What this task involves – Return each entry word for word and skip its pictures.

Top of Data records

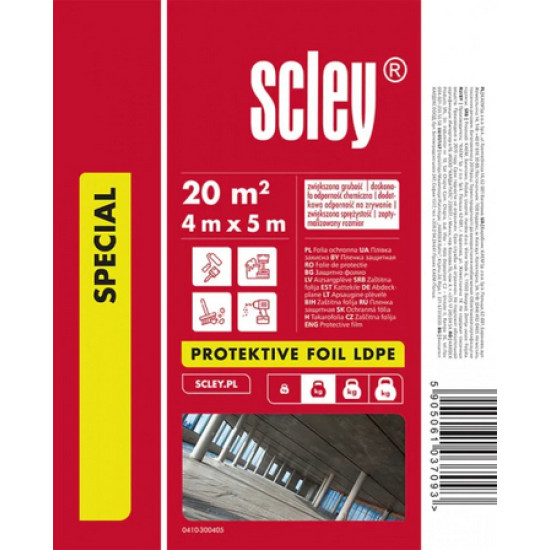 Плёнка укрывочная Scley Special. Польша. Толщина 30мкм. Размер 4м х 5м.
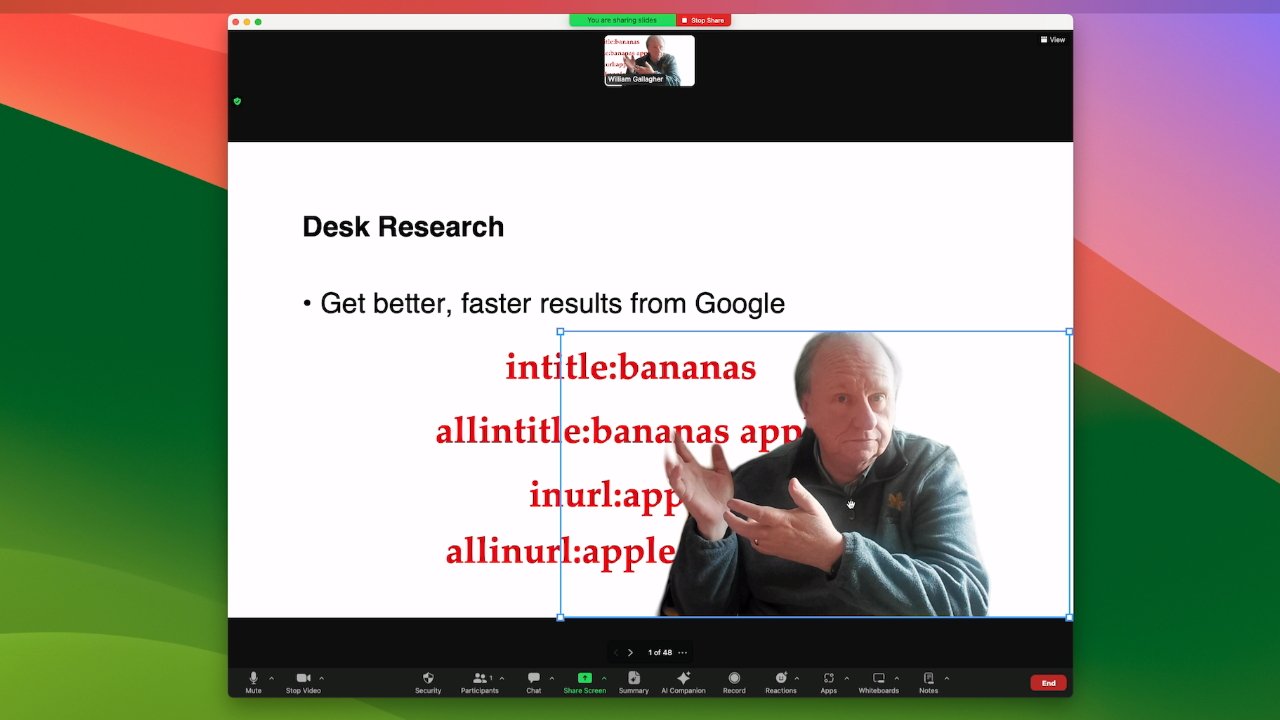 You can drag to reposition or resize your image atop your slides during a video call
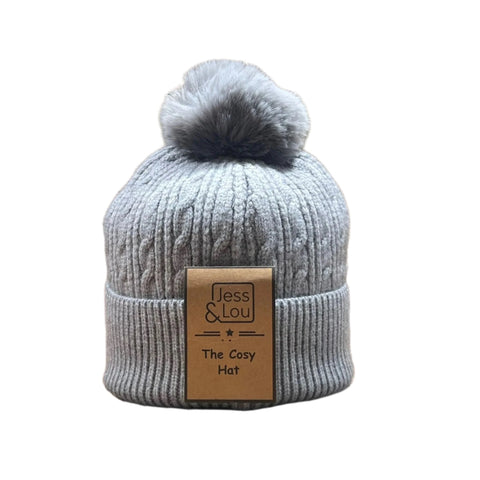 Jess & Lou Cosy Cable Bobble Hat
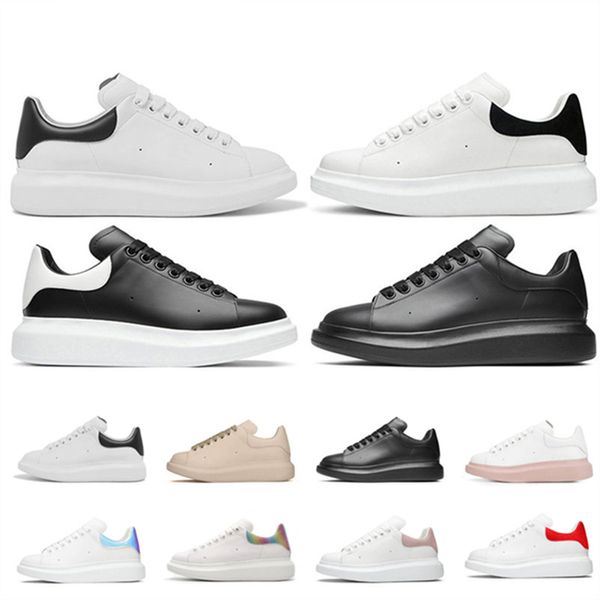 Mode Hommes Designer de chaussures Femmes Cuir Lacets Plateforme Semelle surdimensionnée Hors du bureau Baskets Blanc Noir Hommes Femmes Luxe Daim Casual Chaussures Skate Sneakers35-46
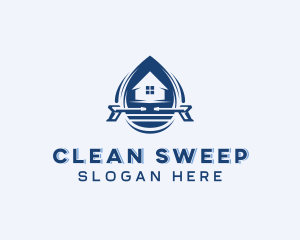 Home Pressure Washer Cleaning logo design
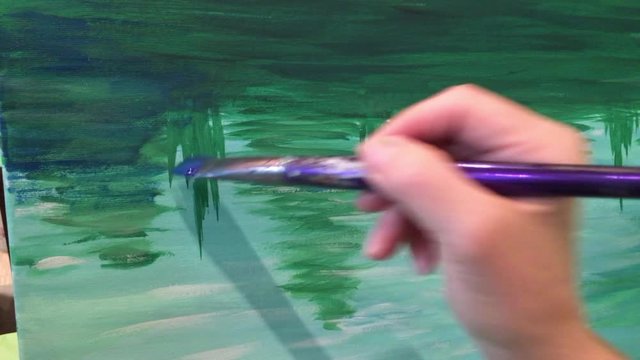 Adding blue reflections in Impressionist Style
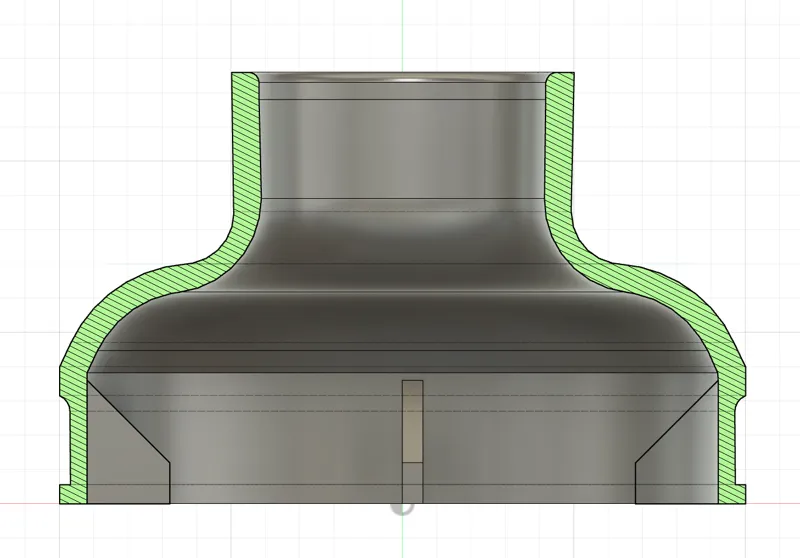 Dust Collection port converter of Metabo Miter Saw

Bottom of Data records

Answer box –
 Плёнка укрывочная Scley Special. Польша. Толщина 30мкм. Размер 4м х 5м.
 You can drag to reposition or resize your image atop your slides during a video call
 Jess & Lou Cosy Cable Bobble Hat
 Mode Hommes Designer de chaussures Femmes Cuir Lacets Plateforme Semelle surdimensionnée Hors du bureau Baskets Blanc Noir Hommes Femmes Luxe Daim Casual Chaussures Skate Sneakers35-46
 Home Pressure Washer Cleaning logo design
 Adding blue reflections in Impressionist Style
 Dust Collection port converter of Metabo Miter Saw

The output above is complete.